Pendamping Desa lanjut Erani, memiliki kode etik yang harus dijalankan. Kode etik tersebut tertuang dalam Undang-Undang No 6 Tentang Desa dan Permendes No 3 Tahun 2015 tentang Pendamping Desa. Dalam Undang-Undang tersebut, melarang adanya pendamping desa yang berafiliasi dengan partai politik.
“Saya ingin bertemu dengan mereka yang menyampaikan isu ini. Jangan ada dustalah di antara kita, bila perlu kita bikin telanjang kementerian ini. Tidak ada yang ditutup-tutupi,” ujarnya.
Erani menjelaskan, rekrutmen pendamping desa diselenggarakan oleh Satuan Kerja Provinsi. Kementerian Desa, Pebangunan Daerah Tertinggal dan Transmirasi (Kemendes PDTT), memberikan panduan rekrutmen dengan menugaskan Badan Pemberdayaan Masyarakat dan Desa (BPMD) Provinsi sebagai penyelenggara. Rekrutmen dilakukan terbuka, dengan memberikan kewajiban pada setiap provinsi untuk mengumumkan pendaftaran di melalui media massa.

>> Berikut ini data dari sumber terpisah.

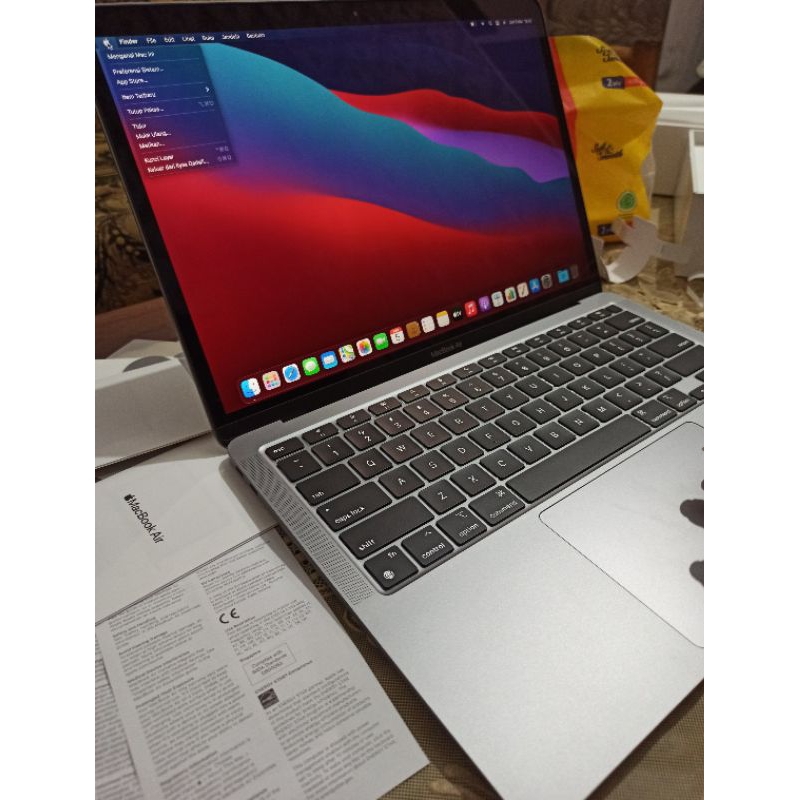 MacBook Air M1 8/256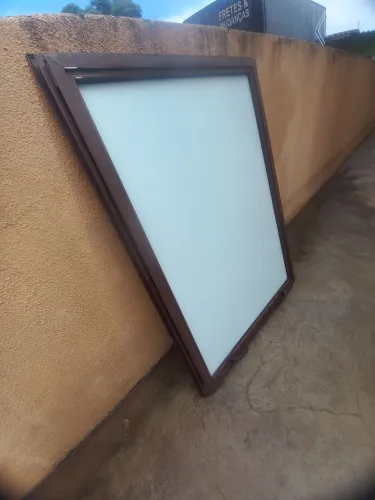 JANELA MAXIM AR EM ALUMÍNIO PINTADO COM VIDRO TEMPERADO DE 1.0 COMP/1.35 ALT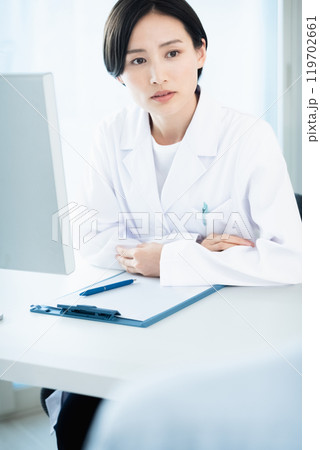 白衣の女性 白衣の女性 119702661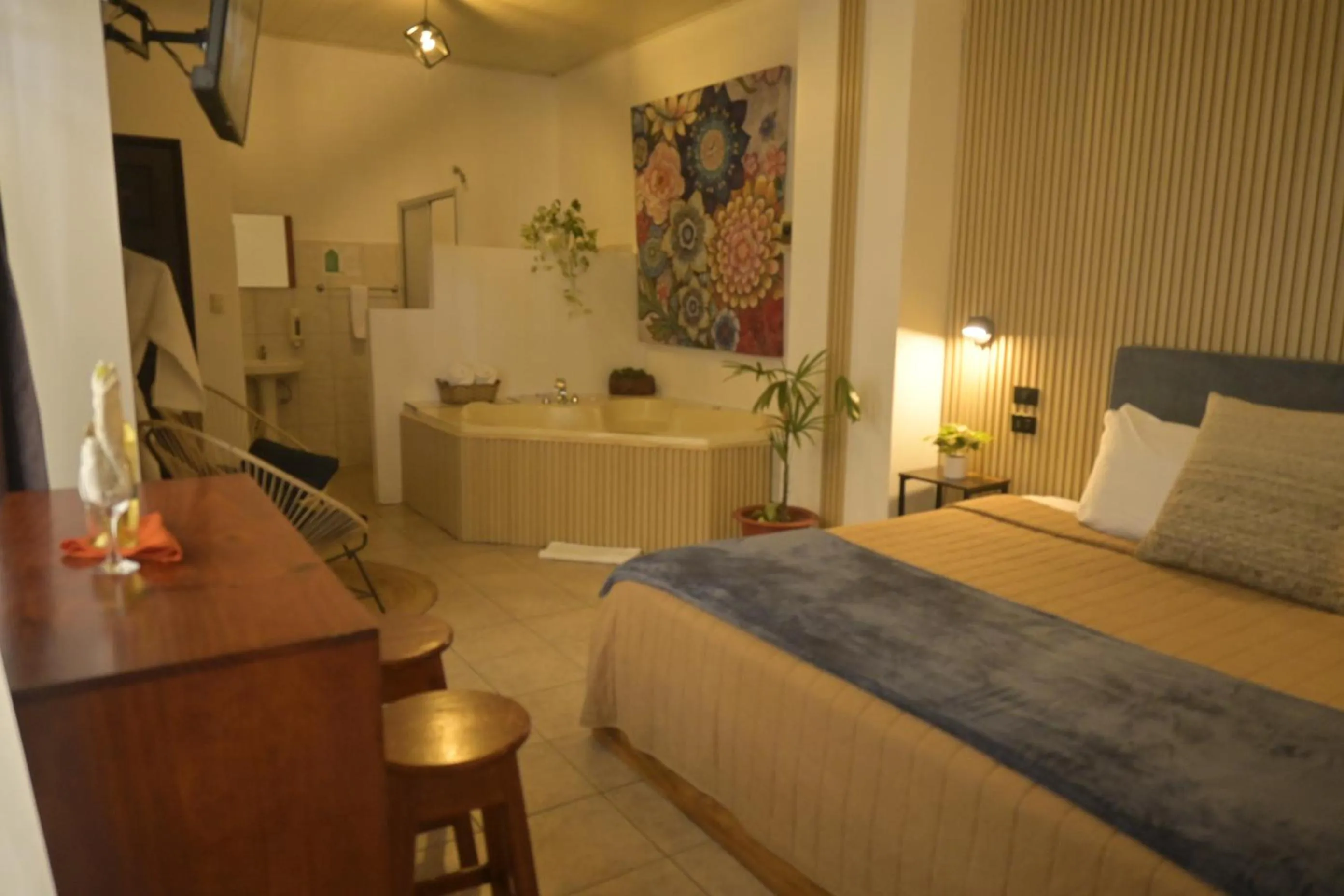 Photo of the whole room, Bed in Hotel Las Colinas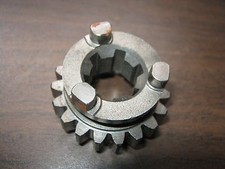 YAMAHA 1969-1973 3RD GEAR PINION AT1 ATM1 CT1 HT1 NOS OEM 248-17131-00-00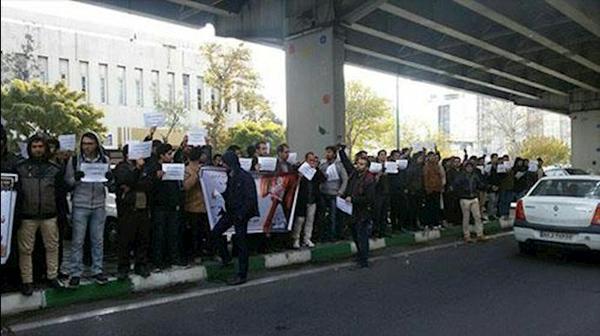 اعتصاب بازاریان از تهران شروع شد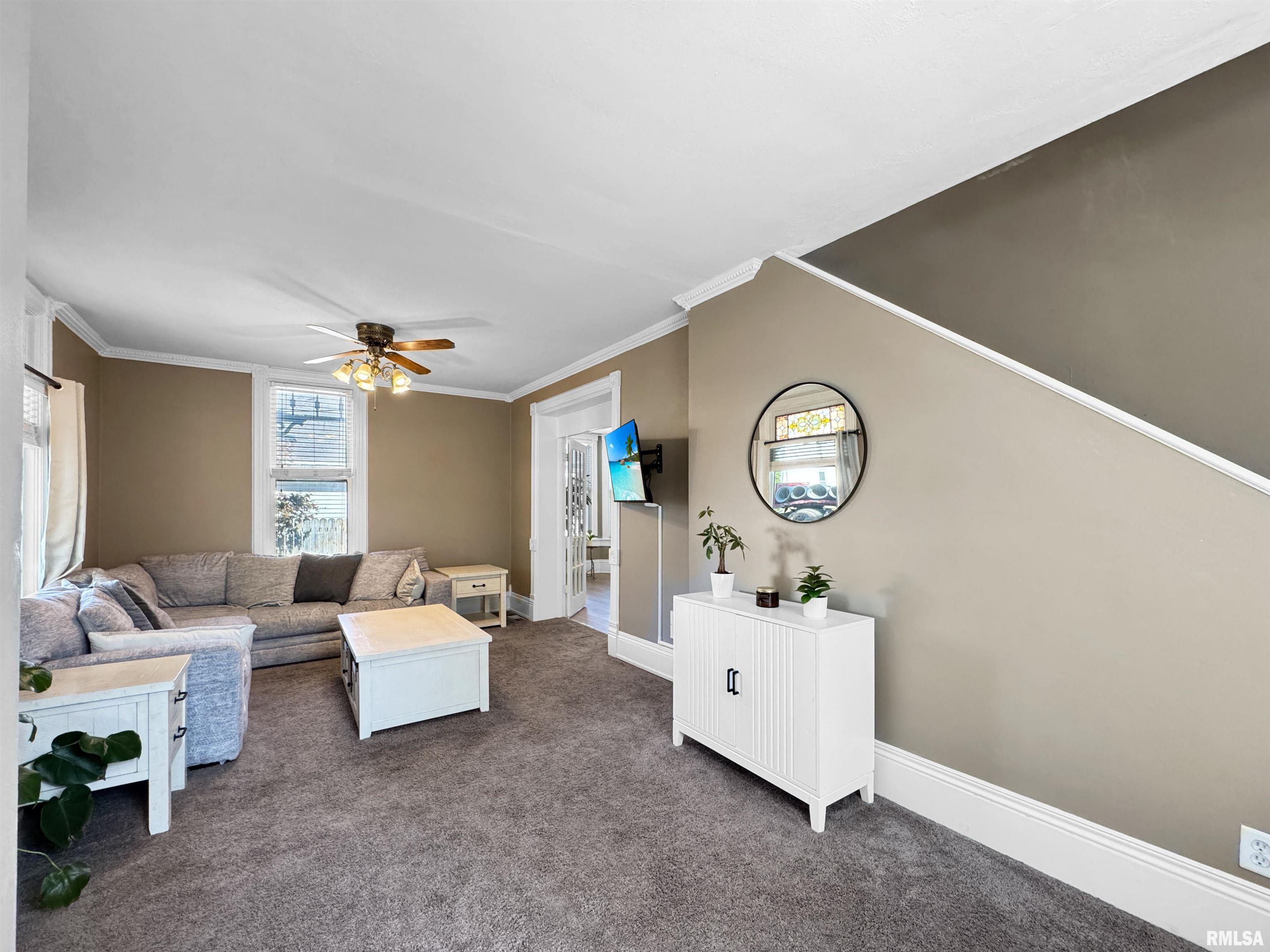 205 South High Street Washington, IL 61571 - Photo 5 of 33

“Pengumuman minimal 1 minggu. Di luar itu, ada persyaratan pendidikan, pengalaman, umur dan sebagainya. Jika terdapat dugaan intervensi partai politik yang mengatur rekrutmen pendamping desa, cek gubernurnya siapa. Maka akan dengan mudah dilacak siapa partai yang diuntungkan,” ujarnya.